Des témoignages similaires sont entendus concernant toutes les APAC. Au cours de ce premier semestre de l’année, tous les villages membres de l’ASAPAC-BF ont réalisé ou entamé la réalisation de panneaux signalétiques ou de pistes périmétrales indiquant leur APAC et sensibilisant pour leur conservation. Au-delà des APAC se développent ainsi des actions collectives qui confortent la cohésion sociale au sein des communautés tout en maintenant la biodiversité.
La session de formation a permis de faire un rappel du contenu des statuts et du règlement intérieur pour une familiarisation accrue des membres de l’ASAPAC-BF avec les textes fondamentaux de leur association. Notons que les textes sont écrits en français alors que les représentants des communautés sont analphabètes. Des rappels réguliers sont nécessaires. Outre les textes, le rappel a concerné les contours de la notion d’APAC, le PRA (Guide du Processus d’Auto-Renforcement des APAC), le Consortium mondial APAC et les possibilités pour les villages d’inscrire leur APAC dans le registre mondial des APAC et/ou des aires protégées. Le rappel a, enfin, porté sur les conditions d’acceptation des demandes d’adhésions telles que définies dans les textes de l’Association. Trois communautés frappent à la porte de l’ASAPAC-BF ! Les critères ont été résumés dans un tableau avec des précisions inspirées du PRA (objectifs de l’APAC, gouvernance, événements marquants, état de conservation, tendances, etc.)

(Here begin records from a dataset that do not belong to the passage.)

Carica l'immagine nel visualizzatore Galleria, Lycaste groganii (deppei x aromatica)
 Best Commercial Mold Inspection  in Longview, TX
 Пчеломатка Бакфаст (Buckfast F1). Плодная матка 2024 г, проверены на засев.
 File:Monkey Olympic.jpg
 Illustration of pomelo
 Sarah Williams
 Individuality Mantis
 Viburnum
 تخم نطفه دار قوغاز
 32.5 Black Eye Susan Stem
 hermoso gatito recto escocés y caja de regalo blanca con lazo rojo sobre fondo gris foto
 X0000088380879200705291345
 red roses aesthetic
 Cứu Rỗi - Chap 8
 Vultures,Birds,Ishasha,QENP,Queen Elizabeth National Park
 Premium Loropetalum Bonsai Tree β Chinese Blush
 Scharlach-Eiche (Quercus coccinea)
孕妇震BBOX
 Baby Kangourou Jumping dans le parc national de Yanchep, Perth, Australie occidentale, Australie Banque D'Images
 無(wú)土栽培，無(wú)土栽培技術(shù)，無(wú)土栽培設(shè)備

La deuxième grande partie de la formation a été consacrée au partage d’expérience sur la gouvernance autonome, par ses membres paysans, d’une autre organisation faîtière d’envergure nationale : La Confédération Paysanne du Faso (CPF). Le parcours édifiant de la CPF a été présenté avec vivacité et commenté suite aux nombreuses questions des participants. La CPF est structurée du niveau villageois au niveau national. Son secrétaire général adjoint qui a fait l’exposé attribue le dynamisme croissant de leur organisation (fondée il y a pratiquement 20 ans) au respect rigoureux des outils de gouvernance (textes statutaires, du manuel administratif et financier), des outils de gestion (plan stratégique et plan organisationnel, registre des membres et des cotisations) et des outils de contrôle (bilan et audit). De cinq organisations membres au départ, la CPF compte 19 membres en 2019. La bonne gouvernance que cela implique requiert la formation régulière des membres, ou au moins des leaders, de l’organisation comme une condition sine qua non.
La troisième thématique abordée lors de la formation a porté sur les stratégies de réussite des assemblées villageoises que les représentants des villages dans l’ASAPAC-BF se sont engagés à tenir chaque année pour la concertation interne de la communauté autour de son APAC. Une bonne préparation recommande que les responsables du village ou des villages concernés puissent répondre ensemble aux questions du « pourquoi » (justification du rassemblement), du « quoi » (contenu du message), du « comment » (répartition des rôles et des moyens), du « où » (accessibilité à tous) et du « quand » (période et périodicité). Des tableaux qui peuvent être renseignés avec les réponses ont été présentés. A l’issue des assemblées villageoises dans les cinq villages membres de l’ASAPAC-BF, un atelier national des APAC du Burkina Faso sera tenu avant la fin de l’année 2019.
La formation a éclairé et outillé les représentants des communautés conservatrices d’APAC membres de l’ASAPAC-BF sur les précautions à prendre dans la perspective d’accroissement dans laquelle elle va entrer cette année, avec l’accueil de nouvelles communautés membres. Les participants ont retenu, par ailleurs, que le travail à la base, et au sein des communautés doit être permanent car il est le socle dont dépend le développement de la faîtière nationale qu’est l’ASAPAC-BF.